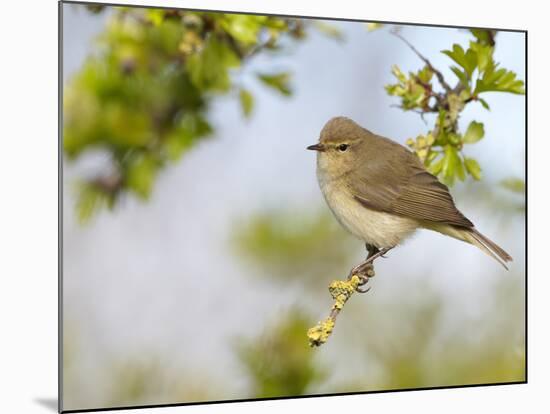 Chiffchaff (Phylloscopus Collybita) Perched on Hawthorn (Crataegus) Twig, Cheshire, April-Richard Steel-Mounted Photographic Print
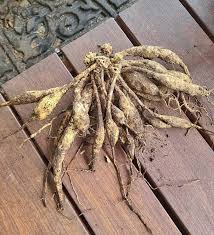 Store the potatoes in a root cellar. Where To Buy Dahlias Tubers
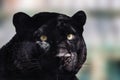 Black panther peaceful portrait close-up view Royalty Free Stock Photo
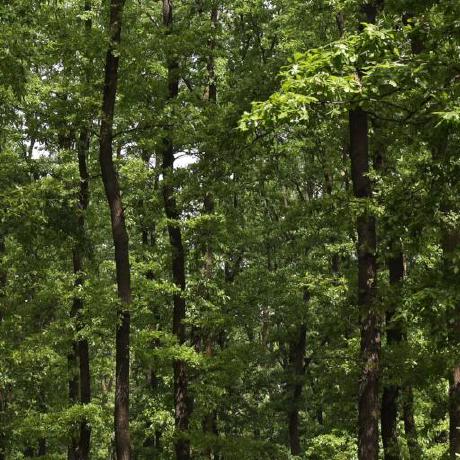 Github Loonkwil Vim Ruler - Download Gorgeous Abstract Art | Mobile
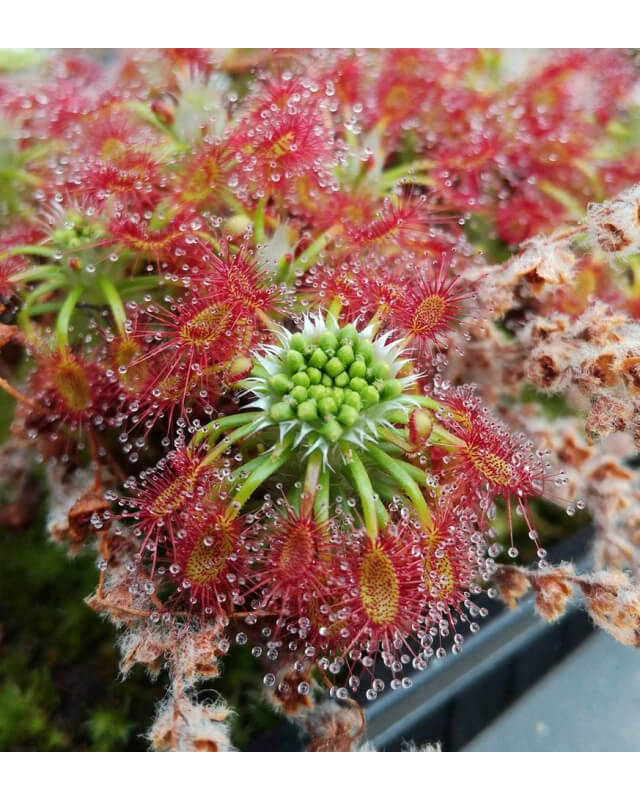 Drosera lasiantha-Drosera pygmées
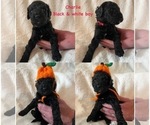 Small Photo #22 Goldendoodle Puppy For Sale in DENVER, NC, USA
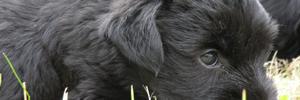 cesky2000's profile banner image
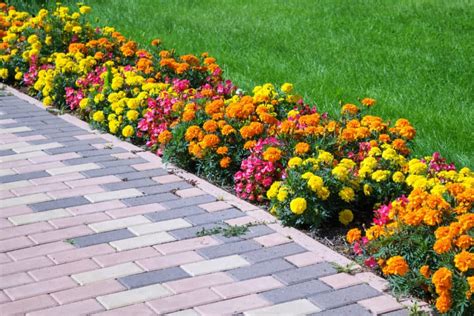 border long narrow garden bed ideas - Google Search | Sidewalk ...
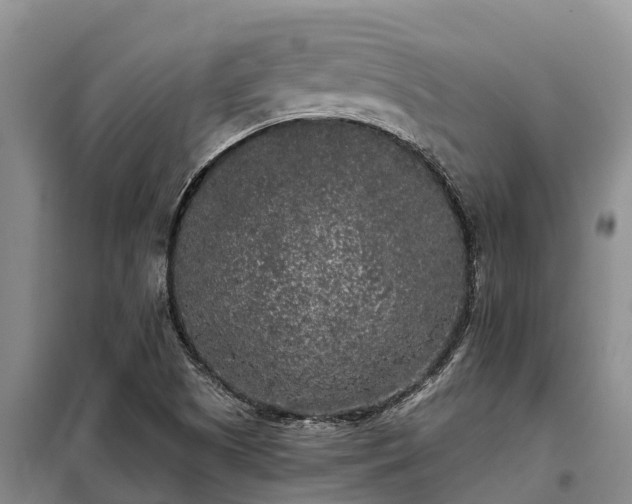 X0000099301505200805090942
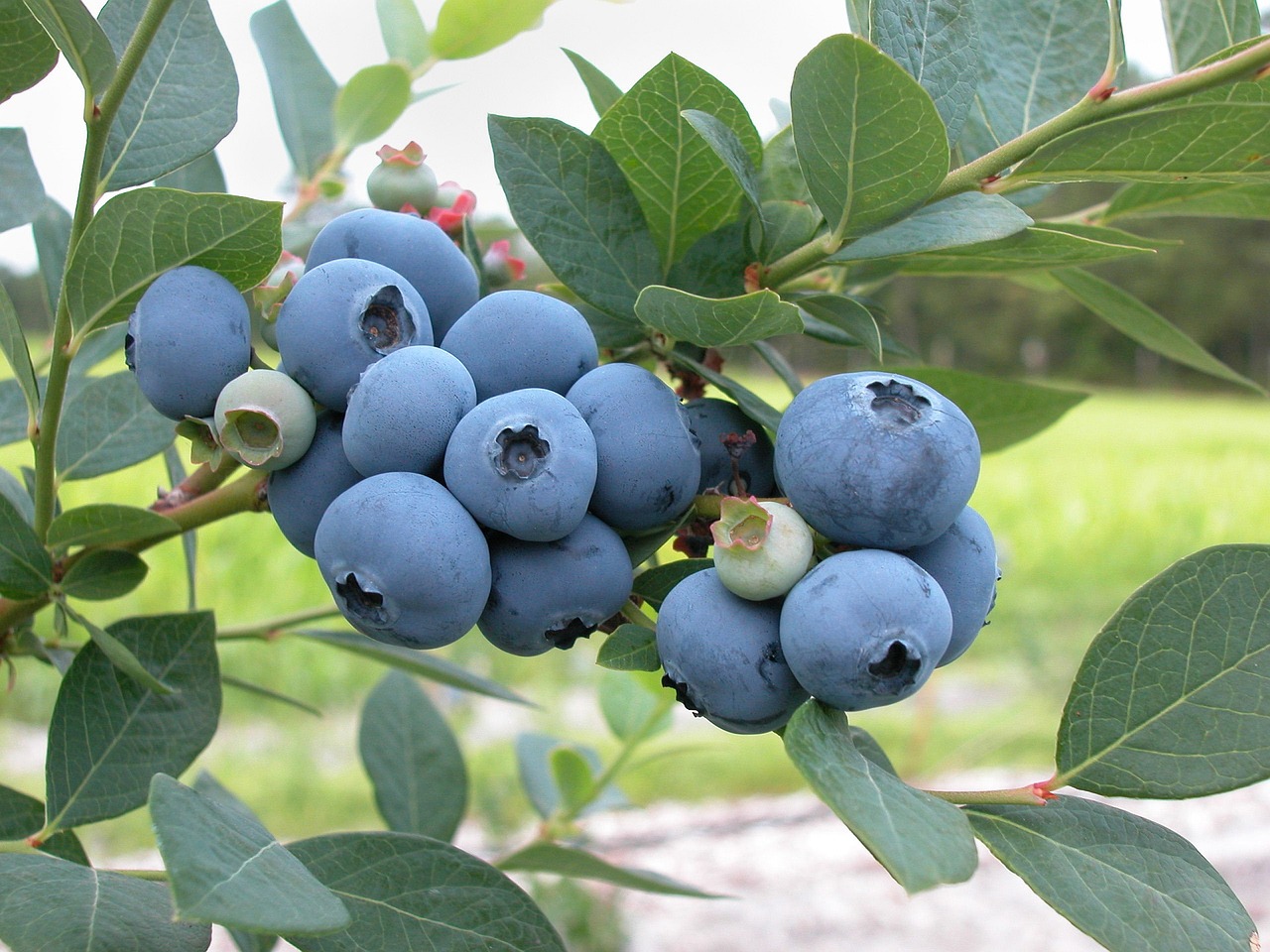 Draper blueberries freshly hand-picked into clean field lugs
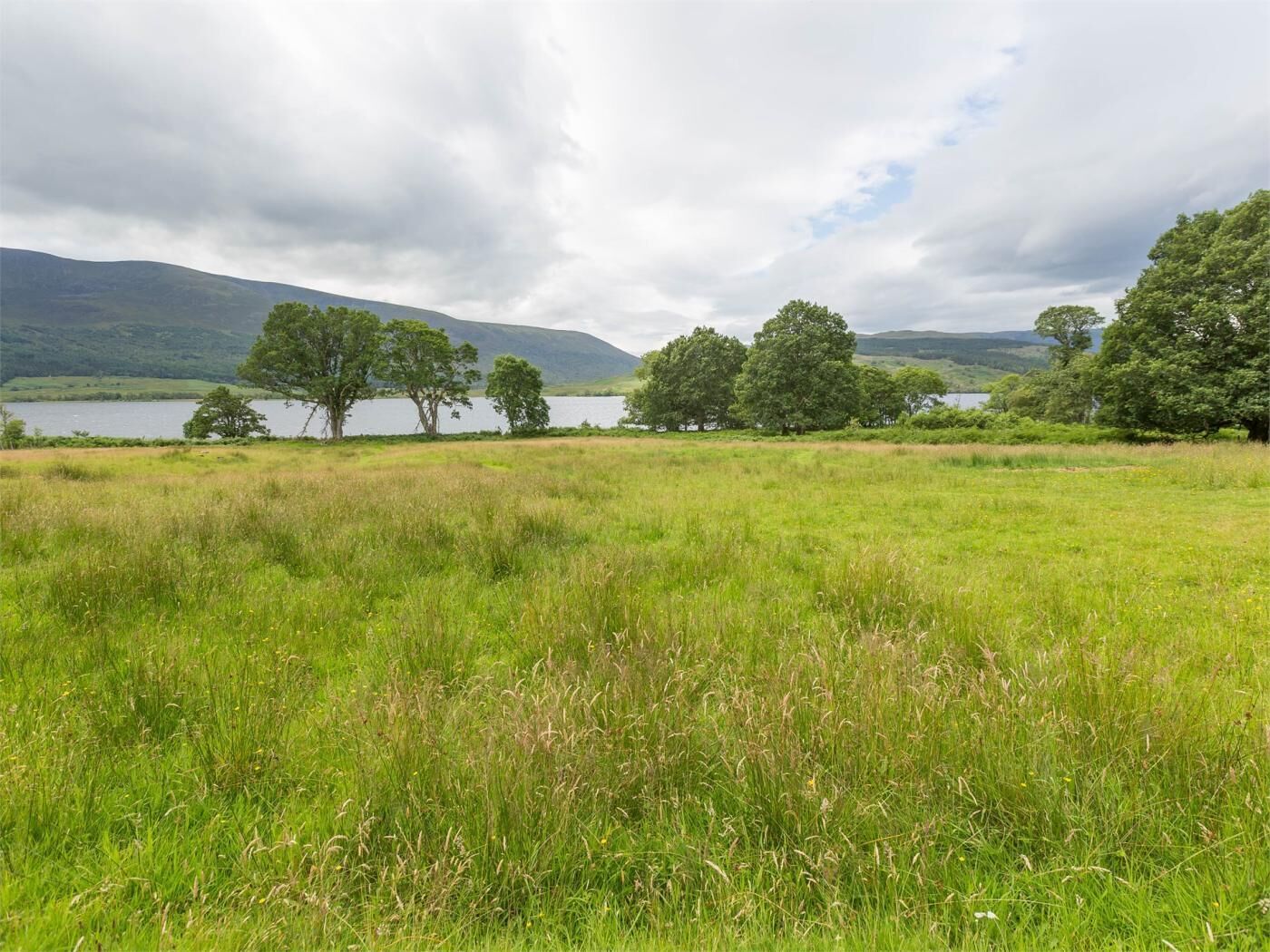 Ein grasbewachsenes Feld mit Bäumen und einem See im Hintergrund.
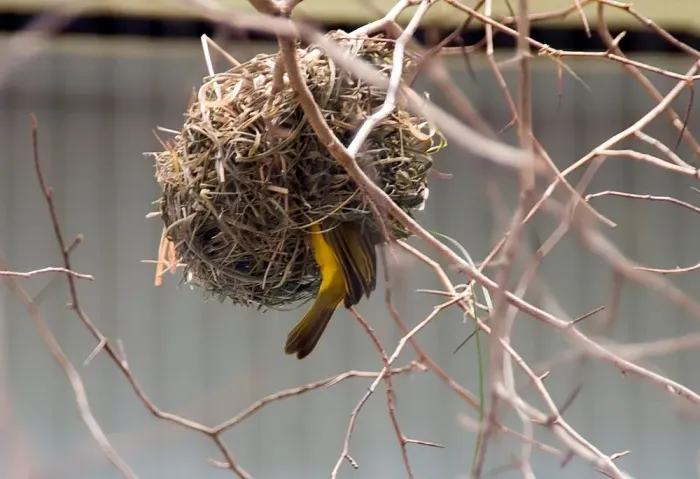 File:Ploceus castaneiceps 0zz.jpg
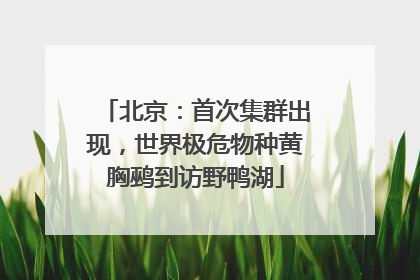 北京：首次集群出现，世界极危物种黄胸鹀到访野鸭湖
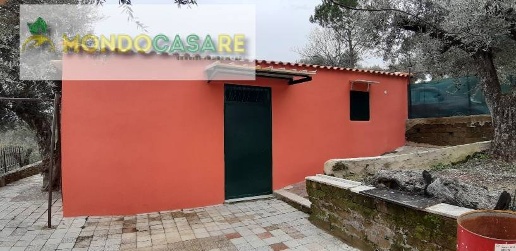 Foto Rustico in Strada di Colle Secco, Palombara Sabina di 50 m² in vendita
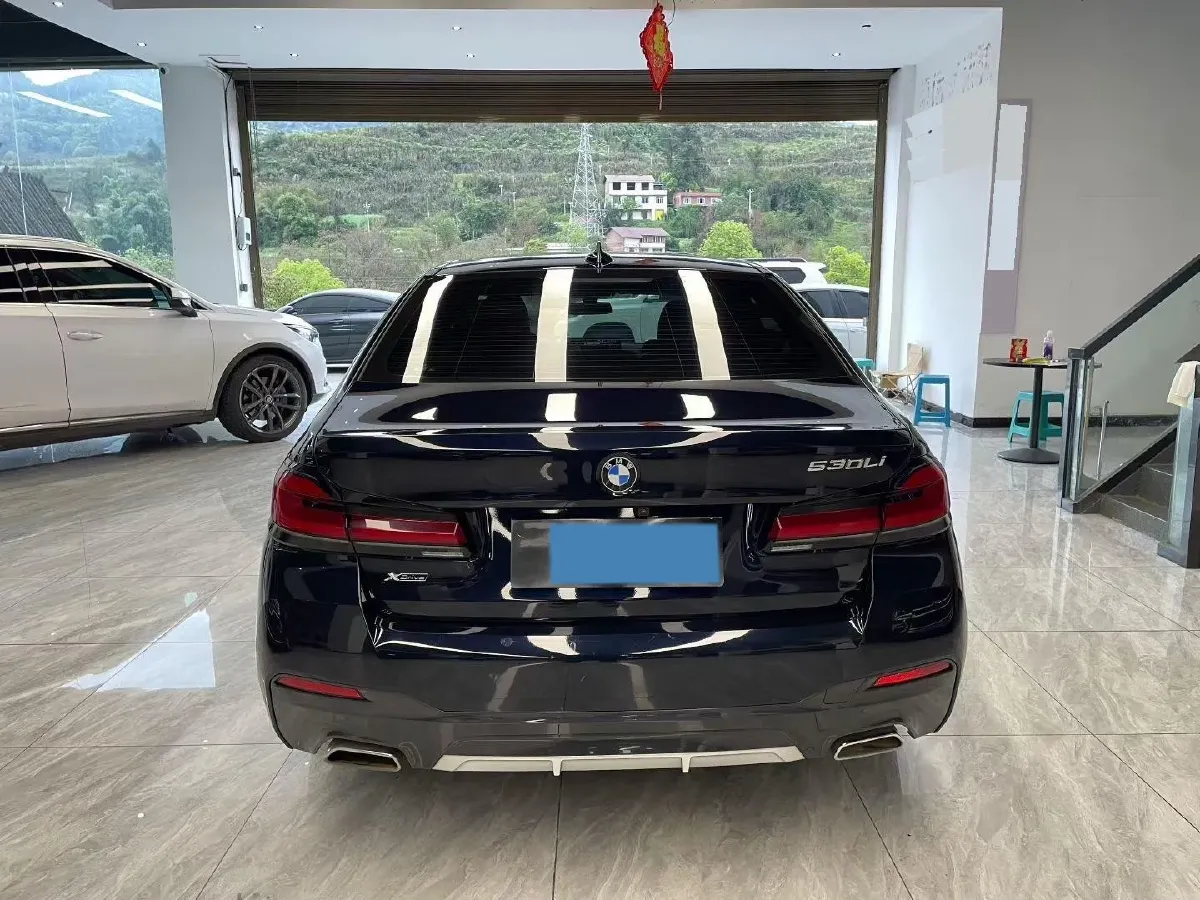 2022 BMW 5 Series 2.0T 245HP L4 8AT,autocango,china used car exporter,china ev exporter,chinese used car exporter,chinese used ev exporter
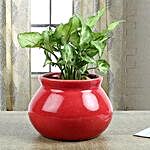 Syngonium Plant With Red Vase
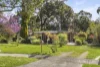 3 Betty Court, Mount Waverley, Vic 3149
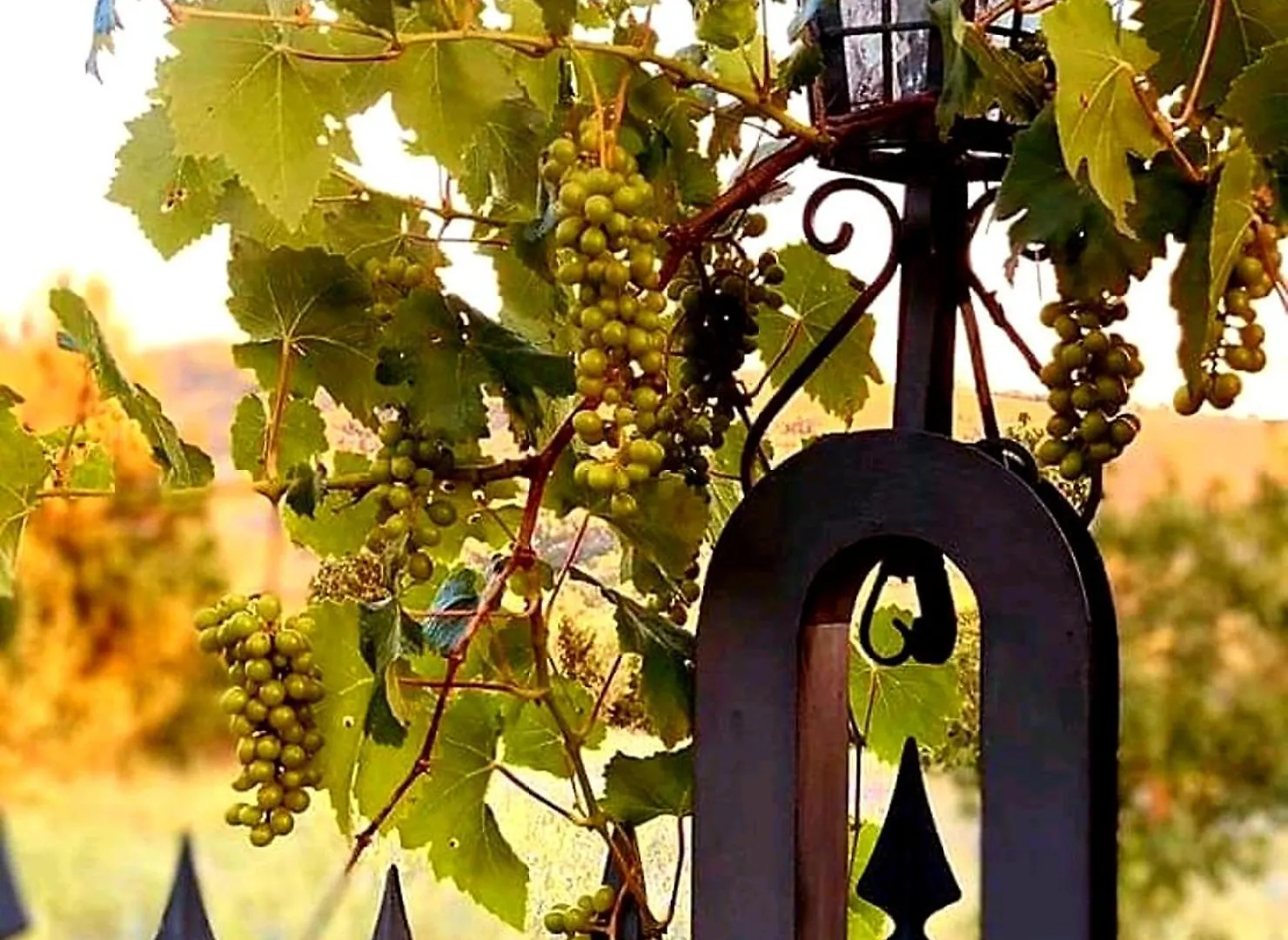 Casa Stella Country House Savigno Bed & Breakfast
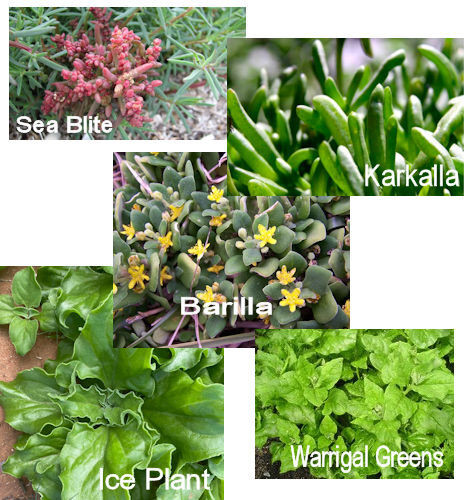Native Vegetables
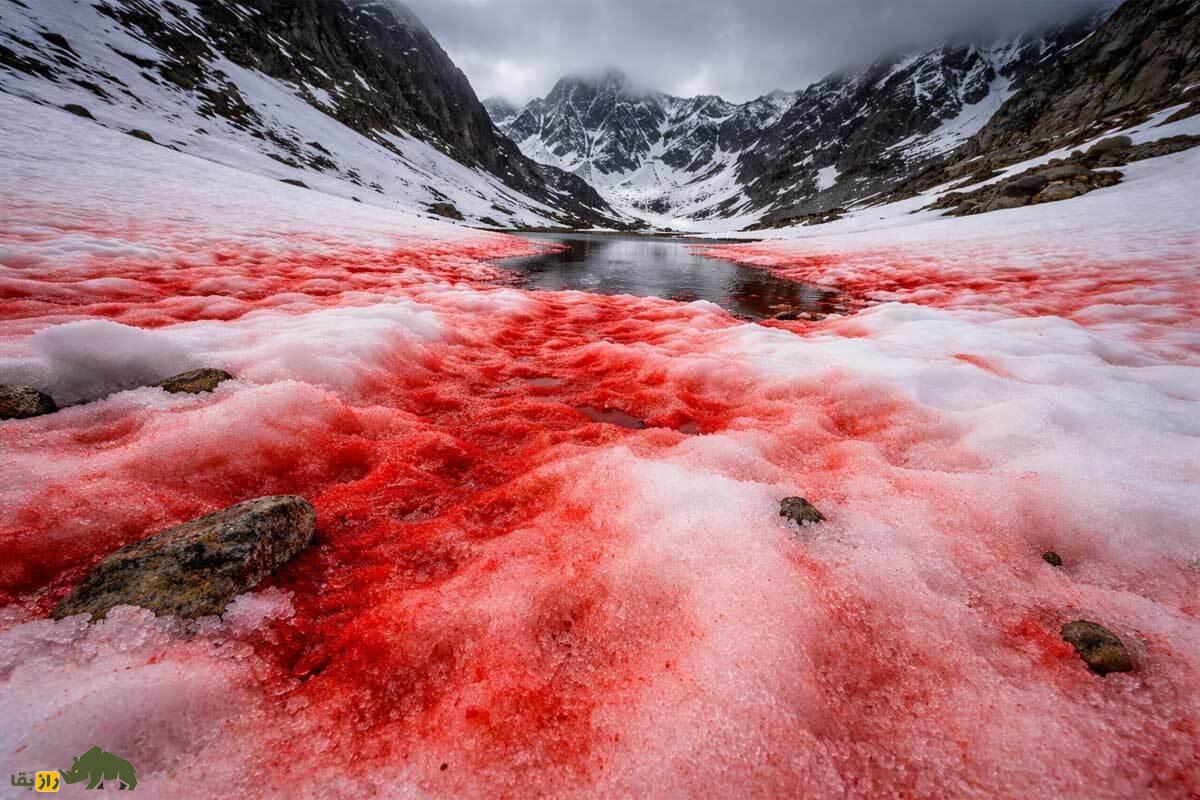 برف‌های خونین؛ کابوس طبیعی که زمین را به صحنه یک فاجعه ترسناک تبدیل می‌کند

☆ ☆ ☆

▶ _The task_:
Set the material down exactly, images excluded.

▶ _Answer below_:
 Chiffchaff (Phylloscopus Collybita) Perched on Hawthorn (Crataegus) Twig, Cheshire, April-Richard Steel-Mounted Photographic Print
 Store the potatoes in a root cellar. Where To Buy Dahlias Tubers
 Black panther peaceful portrait close-up view Royalty Free Stock Photo
 Github Loonkwil Vim Ruler - Download Gorgeous Abstract Art | Mobile
 Drosera lasiantha-Drosera pygmées
 Small Photo #22 Goldendoodle Puppy For Sale in DENVER, NC, USA
 cesky2000's profile banner image
 border long narrow garden bed ideas - Google Search | Sidewalk ...
 X0000099301505200805090942
 Draper blueberries freshly hand-picked into clean field lugs
 Ein grasbewachsenes Feld mit Bäumen und einem See im Hintergrund.
 File:Ploceus castaneiceps 0zz.jpg
 北京：首次集群出现，世界极危物种黄胸鹀到访野鸭湖
 Foto Rustico in Strada di Colle Secco, Palombara Sabina di 50 m² in vendita
 2022 BMW 5 Series 2.0T 245HP L4 8AT,autocango,china used car exporter,china ev exporter,chinese used car exporter,chinese used ev exporter
 Syngonium Plant With Red Vase
 3 Betty Court, Mount Waverley, Vic 3149
 Casa Stella Country House Savigno Bed & Breakfast
Native Vegetables
 برف‌های خونین؛ کابوس طبیعی که زمین را به صحنه یک فاجعه ترسناک تبدیل می‌کند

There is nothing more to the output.